I'm looking for opinions on what the best beginner electronics kit or lab based kit might be. I don't necessarily care if it is for adults or not, but I do want one with a well written guide and especially one where all the circuits described work.
I think that likely applies to schematics someone might find "somewhere", but I don't know if it applies to kits.
But, a beginner is often faced with a lot of things. I think of the first time I tried to build something, and it never worked. It likely had a lot to do with my soldering ability (or lack thereof), but I didn't know enough whether the substitues I got at the store were suitable, or whether I wired the coil right (I followed the pictorial, but who knows whether the coil I bought matched what the article used), or even if I wired things right.
The beginner often doesn't have the means of finding errors after they make them. This isn't the fault of the beginner, it's part of being a beginner. They can look at what they wired, and be "certain" it's right, while someone other than them with experience might spot something wrong right away. There can often be assumptions made in construction articles or kits that the beginner won't know about, again because they are beginners. WIth experience, you can look at a circuit and know what it's doing and immdiately make some guesses about what to try if it doesn't work, but the beginner hasn't gotten to that point.

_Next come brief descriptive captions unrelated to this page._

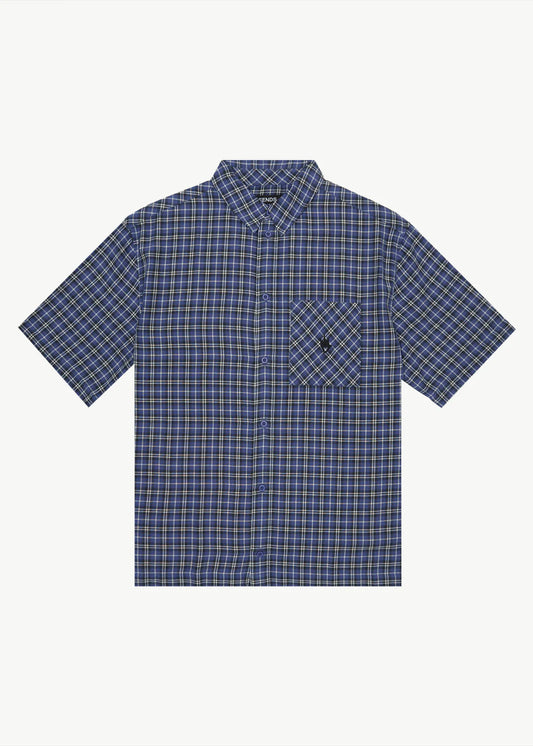 Afends Shipwreck Short Sleeve Shirt Marlin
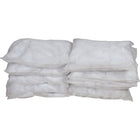 Zenith Safety Sorbents Pillows, Oil Only, 18" L x 18" W, 10 Pack-The perfect sorbent solution to trap drips and leaks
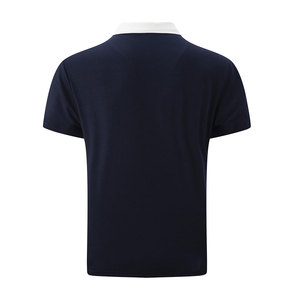 Camisetas para Hombre, Edición Premium, Alta Calidad, Diseño Sólido, Logotipo Personalizado Impreso y Bordado, Cuello Camisero, Transpirable, Tallas Grandes - Product Image 3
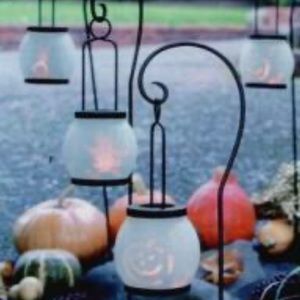 NIB PartyLite Change-O-Lantern candle holder
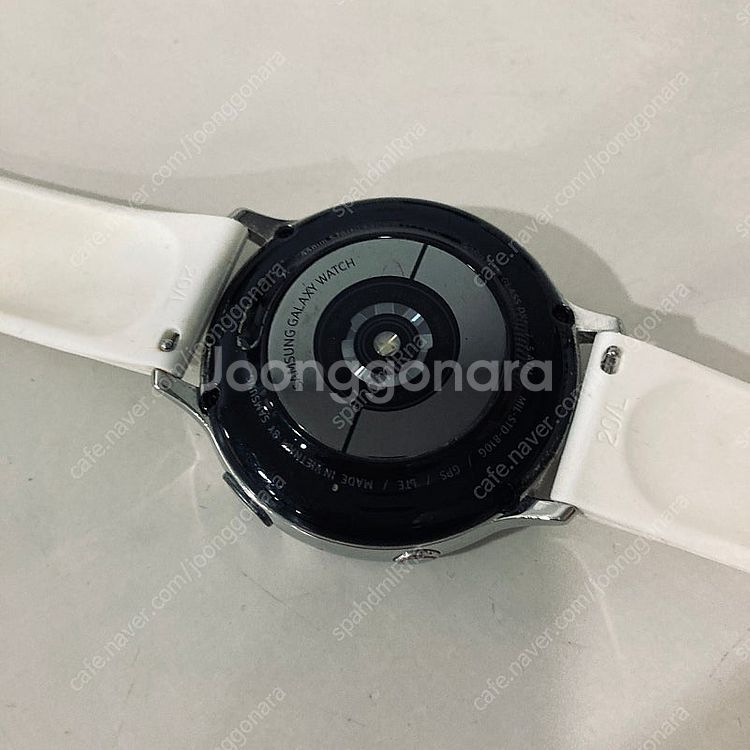 갤럭시 워치 액티브2 실버 40MM 깔끔한기기 2만5천...--4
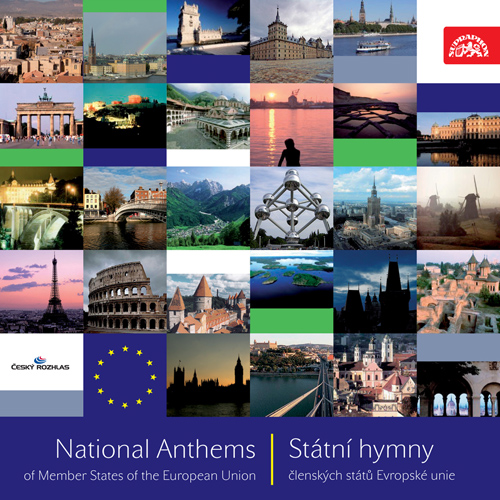 Imagen de apoyo de  NATIONAL ANTHEMS OF MEMBER STATES OF THE EUROPEAN UNION (Prague Radio Symphony, Kučera)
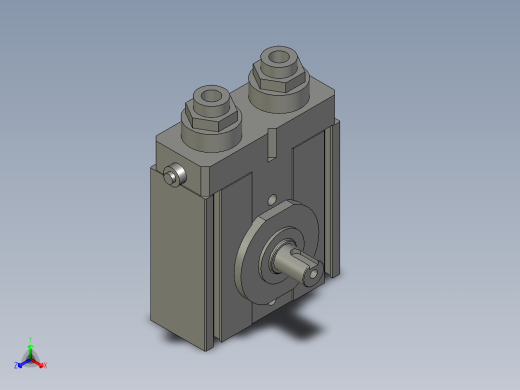 旋转气爪PRC25-90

Of course, these early steps are the foundation for the later. The beginner has to stick with it long enough to get over those high first steps, and then it starts getting a lot easier.
Thanks for the info. Yeah, I figure assumptions made by the designer of the kit are many times the greatest problem. I'll look into local electronics groups to help me if I run into one of these situations.
I think I'm going to go with the Tronix kit. It seems basic enough and covers all the bases.
Thanks those look good, but I'm an absolute beginner so I'm looking for something that will take me through all the basic theory with hands on lab style circuit building. I'll bookmark that site for when I have more understanding.
I'd consider any of that series more of a terse reminder than something that walks one "through all the basic theory." Even the Basic Semiconductor Circuits book, which does point up parallel and series circuits with resistors and capacitors is rather rushed about things. However, his booklets would make an excellent source of circuits to ask about the design details, here.
The Art of Electronics, 2nd ed., (and the student manual, which is a must-have addition as it covers details of design not well covered in the textbook) does more than many on this subject. But it's not for everyone, either. Very little can replace having access to someone who can help pass along mental models and ideas they've developed over time for thinking about things. Which is what I'd see this group as helping supplement.
Hmm.... Makes me wonder if there should be a Wiki set up for electronics, where contributors provide explanations of every circuit under the sun and other contributors add, enhance, or correct the information over time so that the result gets better and better as a teaching resource over time. In addition, information on various parts and what is worthwhile knowing about them -- things like what makes a polypropylene cap worth it's size and cost, etc.
There was an old book by Ladybug(?) Books called "Build your own transistor set" or similar. It took you stage by stage from a simple crystal set up to a two transistor set. My firm actually put kits together for this to sell along with the book but that was 30 years ago.